Моя тетушка Мэри, скончавшаяся года через два, очень удивилась и расстроилась. Много лет спустя Изабелла призналась мне, что она, то есть тетя, ее как следует отчитала за то, что она (Изабелла) не сумела меня удержать. Моя мать тоже так удивилась, что Изабелла «отпустила» меня, и так рассердилась, что ей и в голову не пришло возмутиться моей безнравственностью. Никак не пойму, в какой мере привычка женщин приписывать женам ответственность за слабости мужей обусловлена традицией, а в какой — изначальна, но мои мама и тетя поступили именно так.

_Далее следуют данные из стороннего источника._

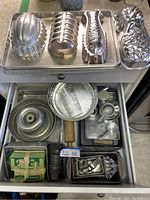 Top view of assorted metal baking molds on a tray plus drawer opened showing metal cookie cutters, pans, measuring cups, and other baking tools.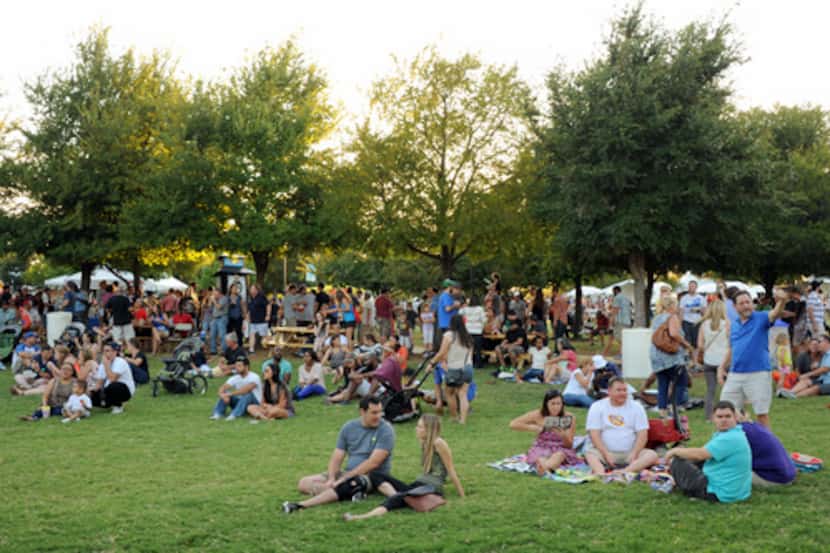 Friends and families enjoy music and beer at Oktoberfest in Addison Circle Park in Addison,...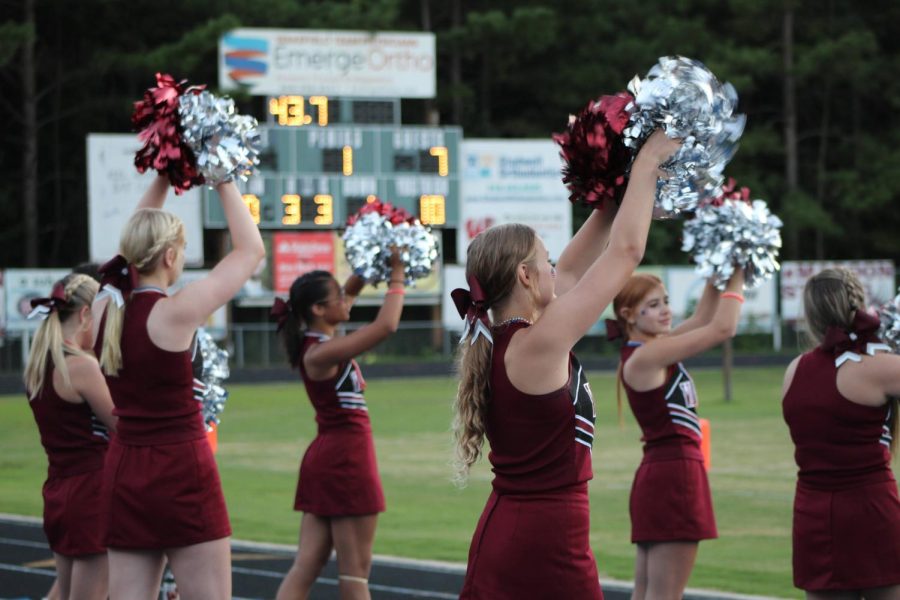 The cheerleaders raise their pom-poms high during an intense football game.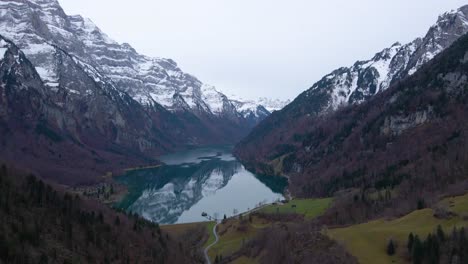Antena-Lenta-Acercándose-A-Un-Lago-Rodeado-De-Montañas-Nevadas-En-Los-Alpes,-Suiza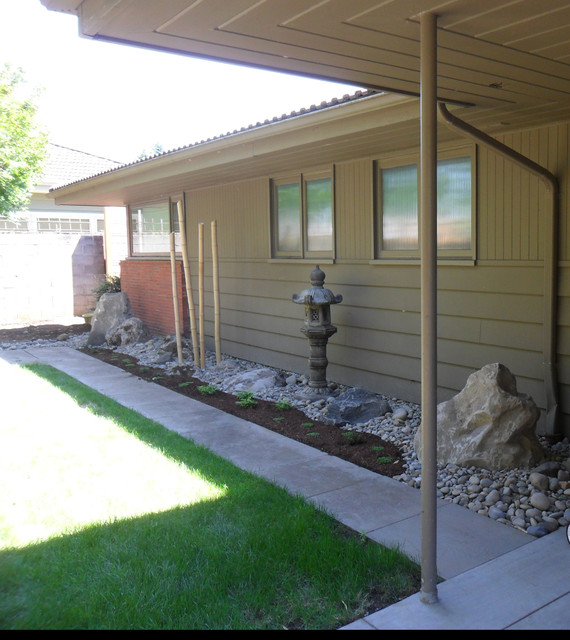 Sculpture under eaves Asian Garden Portland by Planit Earth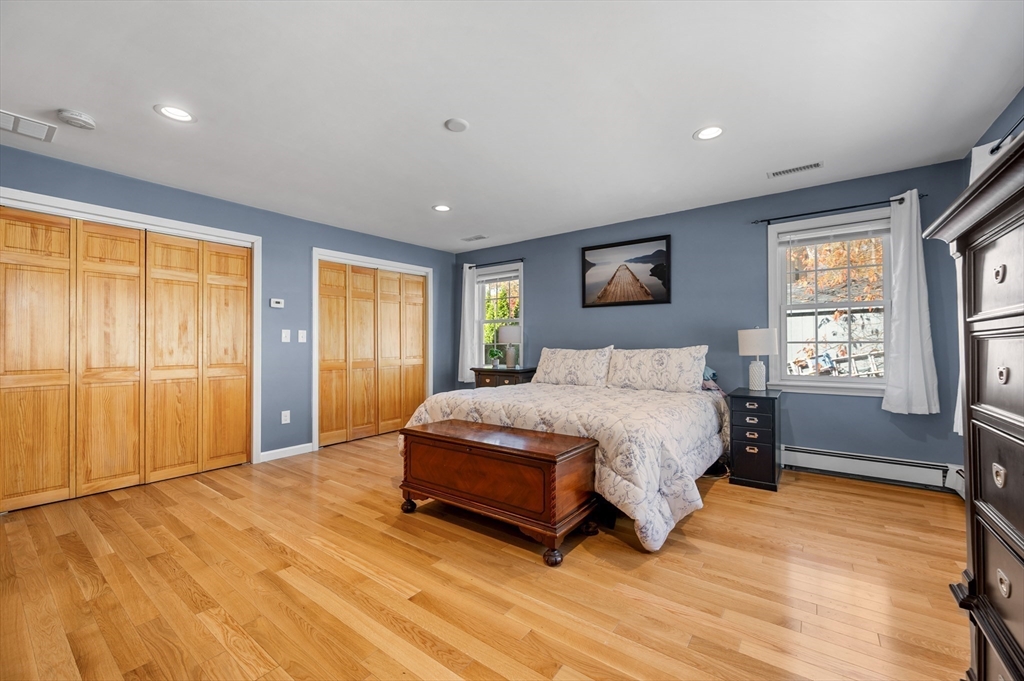 27 Downey Street Hopkinton, MA 01748 - Photo 20 of 36 a spacious bedroom with a bed and a window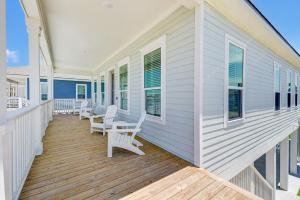 a porch with white chairs and windows on a house at Salt & Stone Villas in Galveston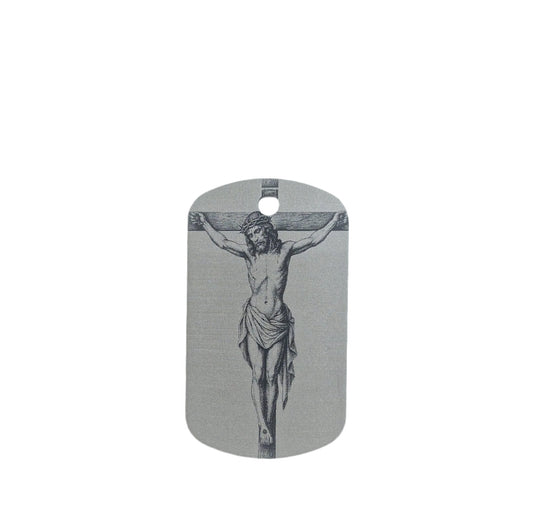 Dog tag with a black and white illustration of Jesus on the cross on a light gray background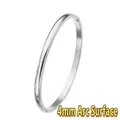 Detailed view of a 4mm domed surface polished stainless steel minimalist bangle bracelet - Simple Domed Surface (Silver) / 4mm Width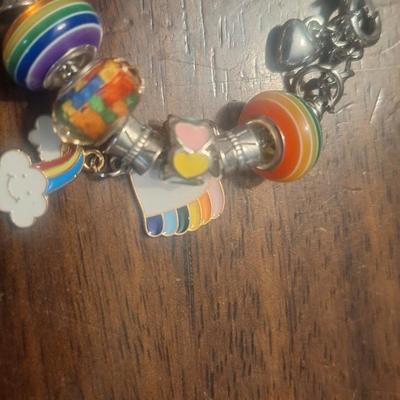 Girls charm bracelet with extra charms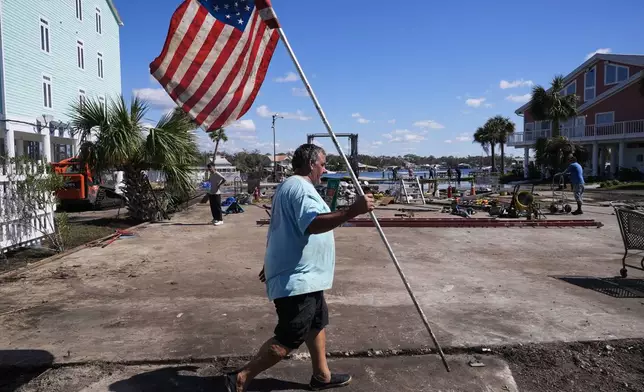 Daniel Dickert walks to plant an American flag on is property were his boat shed was destroyed and his home damaged in the aftermath of Hurricane Helene, in Jena, Fla., Sunday, Sept. 29, 2024. (AP Photo/Gerald Herbert)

В 1927 году моя вторая жена, умирая, сказала мне: «Я не уничтожила ни единого твоего письма, а теперь я и не могу их уничтожить. Они в моем бюро вместе с моими письмами, которые ты просил сохранить. Распоряжайся ими как хочешь». Вот я и могу, хотя и с небольшими затруднениями — на некоторых письмах нет дат, — восстановить основные этапы наших отношений за всю нашу долгую жизнь. Это — не только переписка. Мы не просто писали друг другу каждый день, когда разлучались, — нет, и без разлуки я из чудачества рисовал для развлечения ее и себя картинки, которые мы называли «ка-атинками». Начал я их рисовать на Морнингтон-Плейс в 1893 году. Происхождение свое они ведут от тех корявых рисуночков, которыми я украшал письма родным и друзьям. Многие пропали сразу, многие сохранились в ящиках бюро. За тридцать пять лет скопился архив, и нетрудно проследить, как развивались наши отношения. Одно ясно: письма эти писали любящие друзья, родственники, но не страстные любовники. Вот что важнее всего.